Department of Surgery, Vanderbilt University Medical Center, Nashville, Tennessee, USA.
Division of Liver Diseases, Icahn School of Medicine at Mount Sinai, New York, New York, USA.
J Intern Med. 2022 Jan;291(1):11-31. doi: 10.1111/joim.13380. Epub 2021 Sep 26.

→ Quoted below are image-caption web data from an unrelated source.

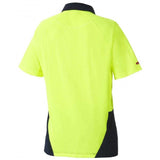 Koolgear Hi Vis 2 Tone Vented Polo Polos Hard Yakka   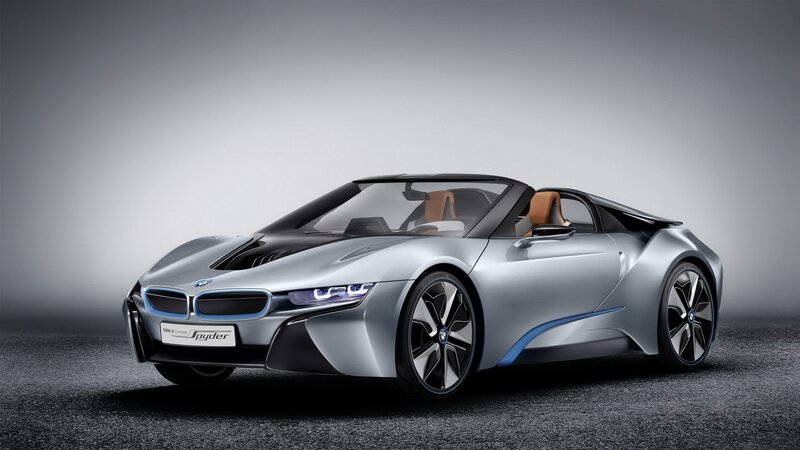 BMW i8 Spyder concept car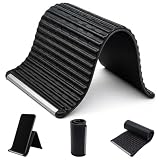 Beryes Soporte para teléfono móvil plegable de silicona antideslizante | Soporte de escritorio universal antideslizante compacto para smartphone y tablet, hogar, oficina, viajes, avión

Non-alcoholic fatty liver disease is comprised of either simple steatosis (non-alcoholic fatty liver) or a more advanced inflammatory and fibrogenic stage (non-alcoholic steatohepatitis [NASH]). NASH affects a growing proportion of the global adult and pediatric population, leading to rising rates of liver fibrosis and hepatocellular carcinoma. NASH is a multifactorial disease that is part of a systemic metabolic disorder. Here, we provide an overview of the metabolic underpinnings of NASH pathogenesis and established drivers of inflammation and fibrosis. Clarification of underlying fibrogenic and inflammatory mechanisms will advance the development of novel treatment strategies as there are no approved therapies at present. We discuss emerging experimental approaches and potential novel investigational strategies derived from animal models including the inflammasome, epigenetic reprogramming, Hippo signaling, Notch signaling, engineered T cells to remove fibrogenic HSCs, and HSC-specific targeting therapies. Recently completed and ongoing clinical trials and antifibrotics are discussed, illuminating the growing expectation that one or more therapies will yield clinical benefit in NASH in the coming years.
非酒精性脂肪性肝病包括单纯性脂肪变性(非酒精性脂肪肝)或更严重的炎症和纤维化阶段(非酒精性脂肪性肝炎[NASH])。NASH 影响着越来越多的全球成年和儿科人群,导致肝纤维化和肝细胞癌的发病率上升。NASH 是一种多因素疾病,是全身性代谢紊乱的一部分。在这里,我们概述了 NASH 发病机制的代谢基础以及炎症和纤维化的既定驱动因素。阐明潜在的纤维化和炎症机制将促进新的治疗策略的发展,因为目前尚无批准的治疗方法。我们讨论了新兴的实验方法和潜在的新的研究策略,这些策略来自于动物模型,包括炎症小体、表观遗传重编程、 Hippo 信号、Notch 信号、工程化 T 细胞去除成纤维性 HSCs 以及 HSC 特异性靶向治疗。我们还讨论了最近完成和正在进行的临床试验和抗纤维化药物,这表明人们越来越期望在未来几年内,一种或多种疗法将对 NASH 患者带来临床获益。